[leadin]Overbuilt, grit-hungry road bikes capable of steamrolling tarmac and conquering trails are flooding the marketplace. Our test drive of Open Cycles’ Unbeaten Path proves it to be near the top of the pack.[/leadin]
Seems most everyone with a bike brand is pitching some variety of the gravel bike these days. Just as you thought the ‘cross games have reached critical mass, the industry has oozed into new off-road territory with a breed of plus-size, adventure ready mountain-“ish” gravel bikes.
This fall, we got our hands on a deliciously plump, orange-cream bike by Open Cycles. Never heard of them? Well, you’ve likely heard of the founders’ other projects: Gerard Vroomen cofounded Cervélo Cycles and Andy Kessler was the CEO of Swiss juggernaut BMC bikes.
Review: Open Cycles’ Unbeaten Path Bike
Fastidious perfectionists, the pair’s Unbeaten Path (U.P.) bike is the second steed in Open Cycles’ stable in four years. (Open’s first bike was a lithe hardtail frame that barely tipped the scales at 900 grams; that’s lighter than most road frames, people! It earned a title of the lightest 29er on the market.)
The new U.P. is a transformer of adventure bikes.
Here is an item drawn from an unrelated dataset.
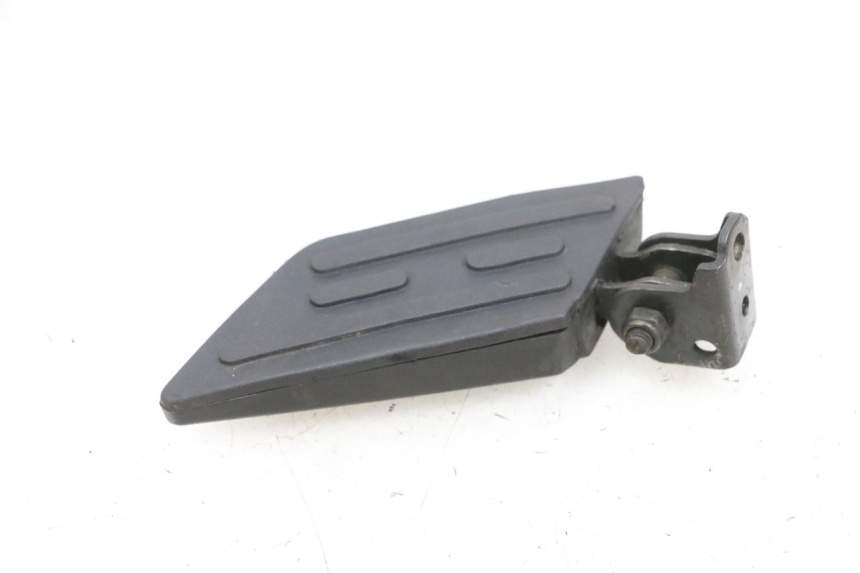 photo de CALE PIED ARRIERE GAUCHE PEUGEOT KISBEE 4T 50 (2010 - 2017) - Vue d’ensemble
Clever engineering has managed to preserve its racy road geometry while affording plush mountain bike tire clearance.
The company calls the U.P. a performance-oriented “gravel-plus” cross/road bike with clearance for mountain bike tires “so you can ride anywhere, and ride fast.”
We put the U.P. frame paired with 650b (27.5″) mountain bike tires to the test on Boise, Idaho, area roads and foothill trails, where we tackled both gravel and the beyond. Unbeaten Path or boulevard of broken dreams… read on to hear our take.
The Space Race
The priciest real estate on a bike crowds around the bottom bracket, where the chainring, crank, chainstay, and tire all fight for precious space.
Mountain bikes buy extra room for the knobbies by pushing the chainstay (and hence the chainring and cranks) out laterally, yielding more clearance. But this wider space doesn’t accommodate the narrower cranks and gearing found on cyclocross and road bikes.
By dropping the drive-side chainstay, Open picked the space gridlock, clearing nearly twice the space of the typical road bike while keeping the wheelbase short and sprightly.
And because the radius of a 700c road slick, 40mm cyclocross tires, and 650b mountain bike tires are nearly identical, the U.P. pulls a true hat trick, capable of running all three wheelsets on one frame without compromising the bike’s handling.